When I went to college, hummus and I had a great relationship. I slowly worked my way through all his different flavors and disguises. I tried the roasted red pepper flavor, the pine nut pesto flavor, and the garlic lover’s flavor
which was a mistake. Clearly he liked to role play. But no matter what, I would always come back to the original flavor. For some reason, he always looked good naked.
But after I graduated, things changed. I had grown tired of hummus. I had tried all the flavors, all the dipping agents, and I had simply gotten bored. Hummus had become predictable, a one hit wonder. I knew that I didn’t want to break up with him entirely; I just knew that I needed a break.
About a year went by before I was ready to rekindle things with hummus. I thought he’d be angry, but he welcomed me with open arms. I realized that he had also gone through a bit of a transformation as well. Suddenly, he was organic. Suddenly, he was raw. And I was in heaven.
Of course, I could have told you in a few sentences that I used to love hummus, got sick of it, and now like it again. But what kind of story would that be? I love hummus and always have, I had just gotten bored with it. But thanks to today’s recipe, I’ve found a completely new twist on one of my favorite foods.
Raw hummus isn’t anything new. It’s basically hummus that’s made with sprouted chickpeas instead of cooked chickpeas. But what exactly is sprouting?
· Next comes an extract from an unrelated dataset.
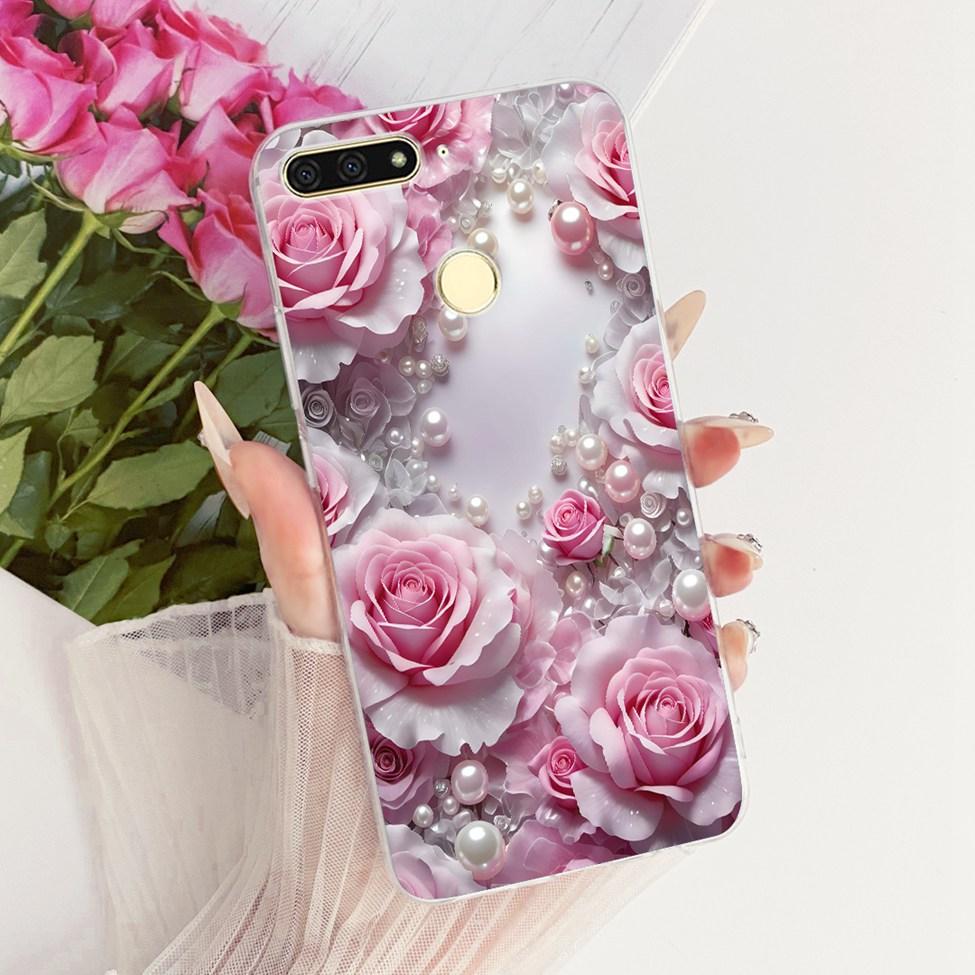 For Huawei Y6 Prime 2018 Case Transparent Cute Fashion Butterfly Funny Painted Casing For Huawei Y6Prime 2018 ATU-L31 ATU-L42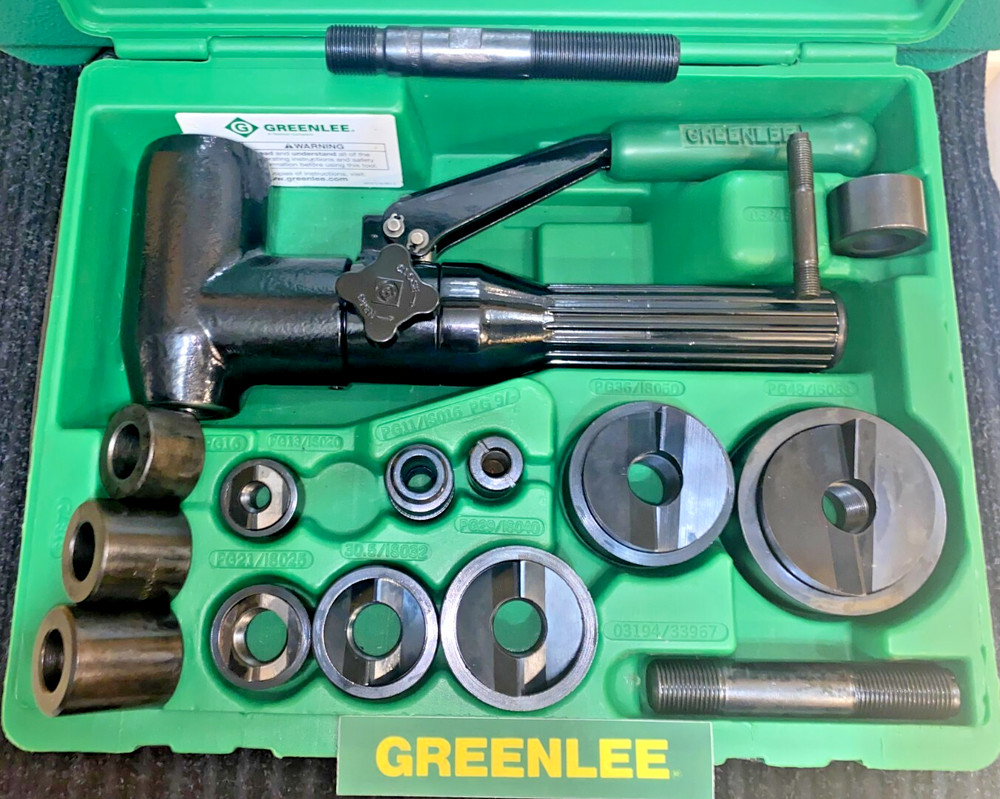 Greenlee 7904SB Hydraulic Quick Draw Punch Driver Set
It’s a technique in which legumes/grains are soaked overnight, then drained the next morning. In the following 3-4 days, the legumes are repeatedly rinsed and drained once a day. Eventually you’ll notice small sprouts starting to grow from the beans.
There are plenty of benefits to sprouting. If you’ve got a sensitive tummy like me, sprouted grains/beans could be much easier on your stomach. There’s also talk that because sprouted grains/beans are easier to digest, their nutrients are much easier to absorb. Sprouted grains and beans are by no means a cure all, but they definitely pose some health benefits compared to their cooked counterpart.
Today’s hummus recipe is super easy and delicious. Feel free to jazz it up with different ingredients and herbs like roasted red peppers, cilantro, parsley, and extra garlic. The possibilities are endless!